- PROBLEM DETAILS -
Only the lines from the one with "this 640×371 image." through the end of the material are wanted, copied exactly and with the pictures left out.

- SOURCE RECORDS -
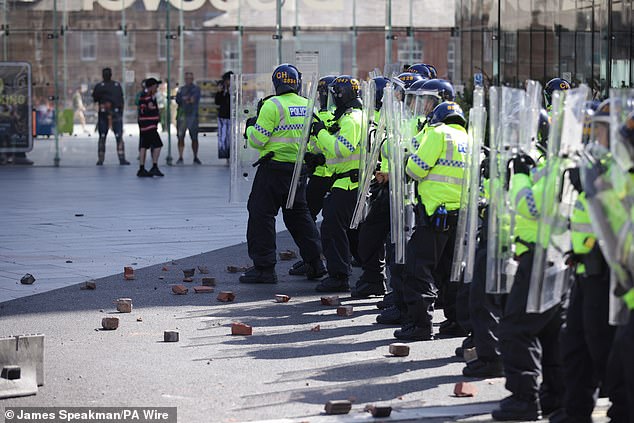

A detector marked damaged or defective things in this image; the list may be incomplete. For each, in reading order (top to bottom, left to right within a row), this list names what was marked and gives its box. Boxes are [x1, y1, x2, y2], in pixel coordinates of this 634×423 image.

broken brick fragment [115, 298, 132, 314]
broken brick fragment [452, 382, 476, 400]
broken brick fragment [326, 400, 350, 418]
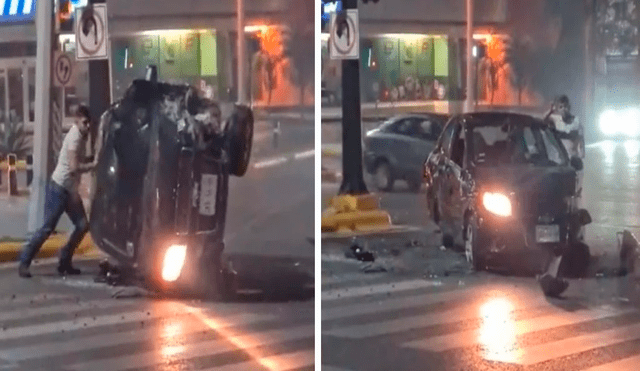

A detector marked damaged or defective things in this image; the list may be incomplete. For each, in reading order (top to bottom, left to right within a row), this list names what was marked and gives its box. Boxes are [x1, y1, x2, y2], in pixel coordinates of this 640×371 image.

overturned car [89, 69, 252, 296]
overturned car [422, 112, 592, 278]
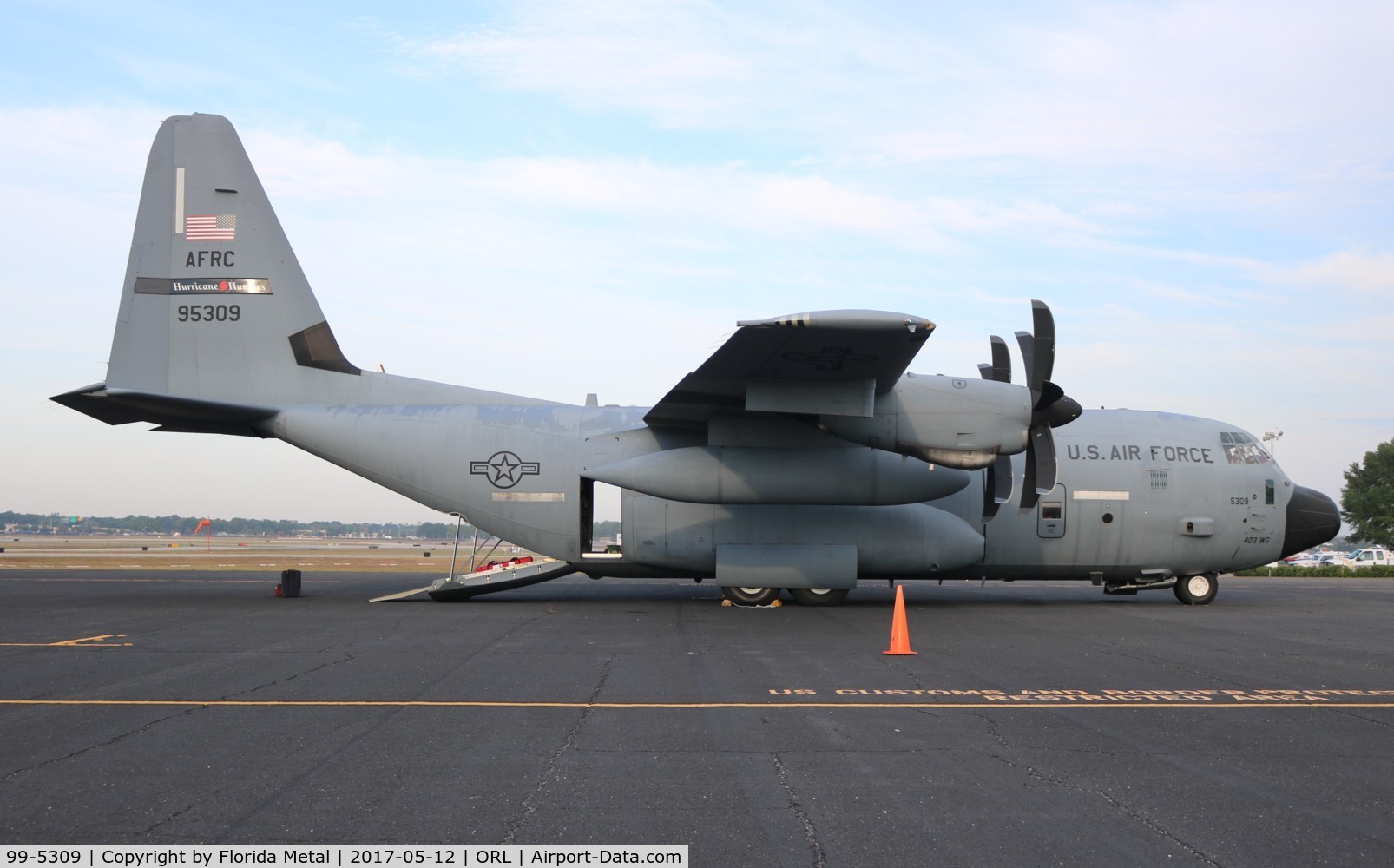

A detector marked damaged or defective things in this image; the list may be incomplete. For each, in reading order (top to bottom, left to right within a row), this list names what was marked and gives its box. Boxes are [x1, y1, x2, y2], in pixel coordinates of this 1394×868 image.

- ANSWER FOR THIS EXERCISE -
A detector marked damaged or defective things in this image; the list may be incomplete. For each, in reading order (top to bottom, left to right within a row), this list names what was marked and gives its box. Boxes are [x1, y1, x2, y2], in pixel coordinates of this 640×371 image.

overturned car [89, 69, 252, 296]
overturned car [422, 112, 592, 278]

A detector marked damaged or defective things in this image; the list may be incomplete. For each, in reading order (top to bottom, left to right within a row), this list names what was marked and gives its box. Boxes are [x1, y1, x2, y2], in pixel coordinates of this 1394×868 image.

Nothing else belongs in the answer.